Lo ha stabilito la Corte di Cassazione (23 agosto 2016, n.17247), disattendendo il precedente, diverso orientamento in base al quale, nell’area della stabilità reale, un secondo licenziamento, ove irrogato prima dell’annullamento del precedente licenziamento, sarebbe privo di effetto, in quanto interverrebbe su un rapporto non più esistente (v. ad es., Cass. n. 5125/2006, secondo cui solo l’annullamento giudiziale del primo licenziamento potrebbe far rivivere il rapporto di lavoro, con la conseguenza che se il datore operasse un secondo recesso prima della reintegra, il secondo licenziamento non avrebbe effetto alcuno).

Ciò, sul presupposto che l’impostazione ormai superata si limitava a considerare solo “l’aspetto degli effetti caducatori della pronunzia di illegittimità del licenziamento per carenza di giusta causa o giustificato motivo, enfatizzando il dato testuale della L. n. 300 del 1970”, art. 18, co.1, laddove afferma che “il giudice……annulla il licenziamento intimato senza giusta causa o giustificato motivo…”.

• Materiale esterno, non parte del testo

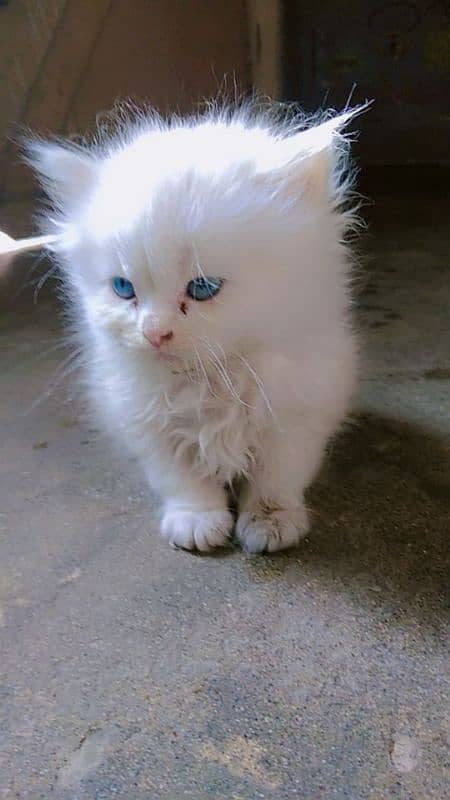 Blue eyes Persian kittens r available 2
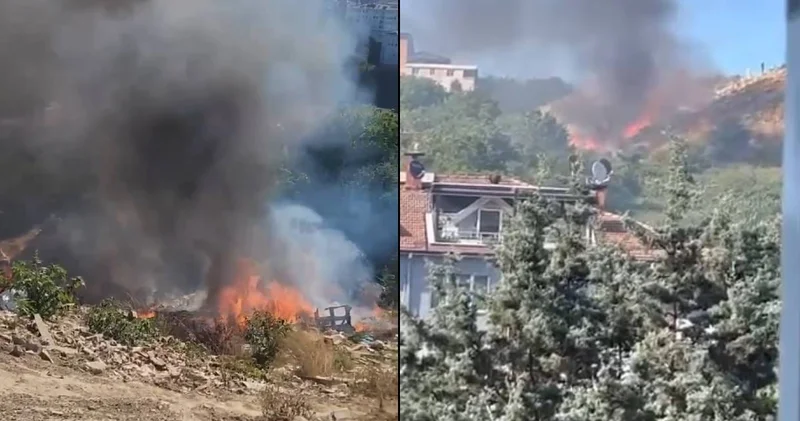 İstanbul da evlere yakın noktada yangın!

Secondo la Corte, invece, occorre tenere conto del significato complessivo della norma. Questa prevede, infatti, che nell’ipotesi di annullamento del recesso disposto dal giudice per mancanza di giusta causa o giustificato motivo, si applica al lavoratore una serie di conseguenze favorevoli (come la reintegrazione nel posto di lavoro, il pagamento di un’indennità pari alla retribuzione di fatto che sarebbe maturata tra il licenziamento e la reintegrazione ed il versamento dei contributi previdenziali per il periodo tra licenziamento e reintegrazione), le quali postulano che il rapporto di lavoro “medio tempore sia continuato, seppure solamente de iure. In altre parole, non può negarsi che l’annullamento abbia natura costitutiva e che gli effetti della pronunzia abbiano effetto ex tunc; tuttavia, esso interviene in una situazione in cui il rapporto non è stato interrotto dal licenziamento” (v. Corte Cost. 14 gennaio 1986, n.7, in FI, 1986, I, 1785, con nota di D’ANTONA).

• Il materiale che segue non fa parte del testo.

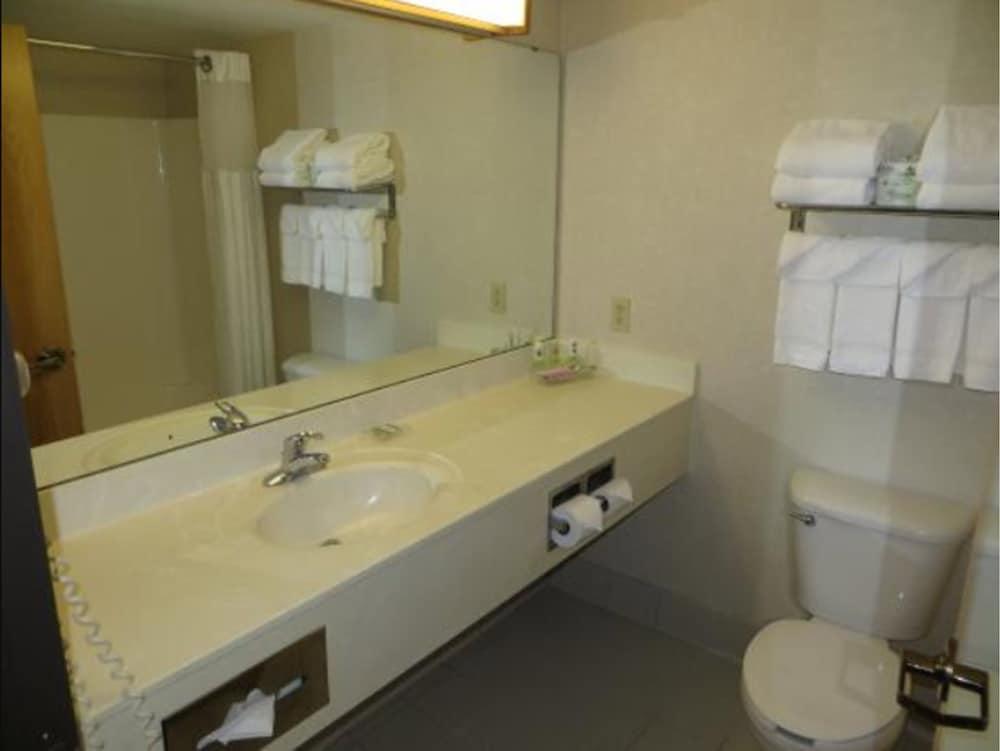 Country Inn & Suites By Radisson, Lansing, Mi Buitenkant foto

Il licenziamento illegittimo, intimato a lavoratori per i quali è applicabile la tutela cosiddetta reale, determina solo un’interruzione di fatto del rapporto di lavoro, ma non incide sulla sua continuità, assicurandone la copertura retribuiva e previdenziale (v. Cass. 1 marzo 2005, n. 4261).

Il ragionamento fa perno sulla normativa che regola la cosiddetta tutela reale del rapporto di lavoro, e si riferisce solo all’ipotesi in cui il primo licenziamento sia soggetto alla disciplina che prevede la reintegra. Secondo la Corte, nonostante la disposizione di legge attribuisca ai giudici il potere di “annullare” il licenziamento viziato, in base alla disciplina complessiva della reintegra un licenziamento viziato non fa venir meno il rapporto di lavoro, rendendo così del tutto plausibile e giustificato il fatto che il datore, ove ne ricorrano gli estremi, intimi un successivo licenziamento.

Lo stesso lavoratore può essere licenziato due volte.